When I looked at the pictures Floyd made of the truck wagon with Willard modeling as the driver, it reminded me of the first electric train my son received for Christmas. It was about 1958 and the Teaford men could not wait for Santa to deliver the little boy’s gift. The men set up the train track and there is where most of them spent the day on the floor switching the engine, running loops, and adding a lit cigarette in the smoke stack to have an authentic puff as the train ran the track.
You know the old saying? “Boys will be boys.”
Floyd tells of those bygone years concerning the truck wagon: “Years ago, we had a truck wagon road on the hill behind where Randall Cooner now lives. It came off the hill and into my grandfather’s pasture. Some of the wagons had steering wheels on them, but the ones built in a hurry we guided with our feet on the front axel, or either a rope tied to it and we steered by pulling on the rope. Some of the boys in this group with me were Leon and Willard NeSmith, Jimmy Guthrie, Willard Guthrie, and sometimes on the weekends Pete Files joined us.

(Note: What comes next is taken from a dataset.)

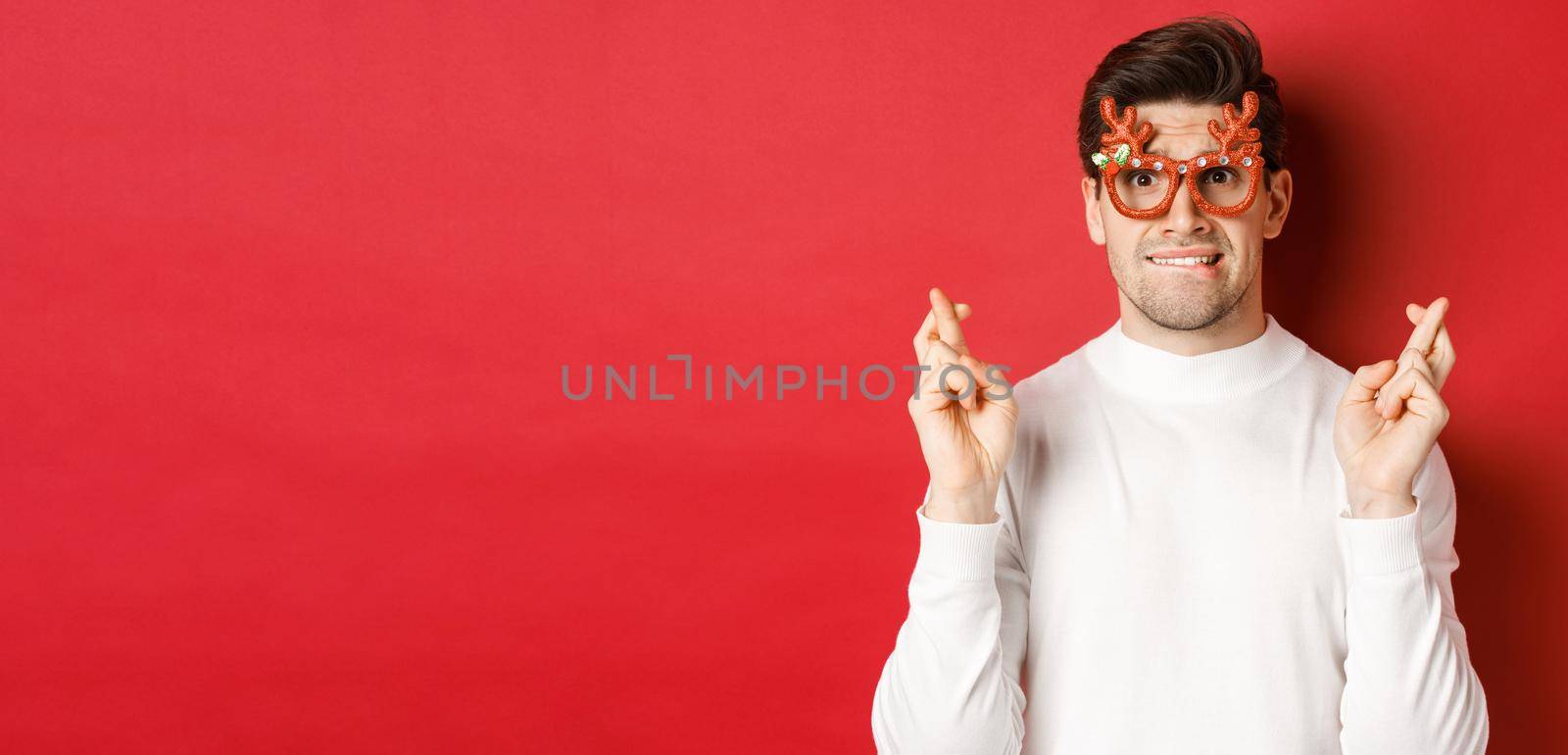 Close-up of handsome nervous guy in party glasses, making a wish, crossing fingers for good luck and looking with hope at camera, standing over red background by Benzoix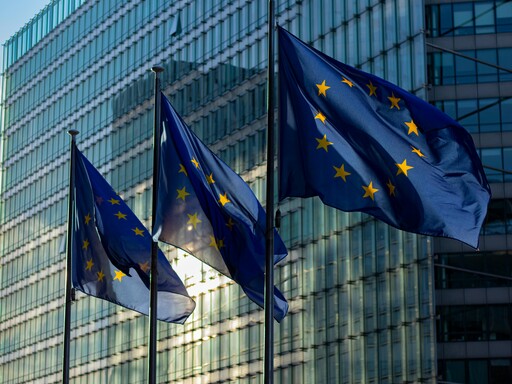 EU flags waving in front of the European Commission building in Brussels, Belgium.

We always had a tree someplace in the road so we would have to go around it, but sometimes we did not make it and we would hit the tree. We would ride down the hill and then push the wagon back up so we could come down again. We were lucky that none of us broke any bones, but we did get lots of scratches and bruises.
“We built the wagons with Black Gum trees for our wheels and small hickory trees to saw out the axels and added scraps of any wood available. Our steering wheel attached to a broom handle, if we could find one. Old plow lines for rope (there were plenty scraps of these around the farm), and we could always borrow (steal or swipe) a little axel grease to keep the wooden wheels greased.
Many enjoyable hours were spent out doors. You never heard a child use the words ‘I’m bored!’ If you did say this, you would be given something to ‘unbore’ you in a hurry. I have often wondered why our parents would say to us, ‘Get out of the house and play outside or go to the woods.’ Maybe they were hoping we would get lost and not find our way back. (smile) Oh, well, ‘playing in the woods’ is another story.”
A note was added about pipe tobacco.
“Do you remember how the old home-grown tobacco smelled in a pipe? Uncle Darl Guthrie lived down behind us and he would take a short cut though our yard going from Mayfield’s Store (Floyd’s uncle, a Naval retiree). It seems that we could smell the smoke from his pipe for 30 minutes after he went through the yard.
My grandfather (Andrew Jackson “Jack” Guthrie) had a small tobacco crop behind the old crib and he raised enough to furnish him for a year. He would twist it after it dried and hang it in the barn. I do not remember him chewing it, but I can remember him sitting in the corner of the front room reading the paper or listening to the radio with his old pipe in his mouth.”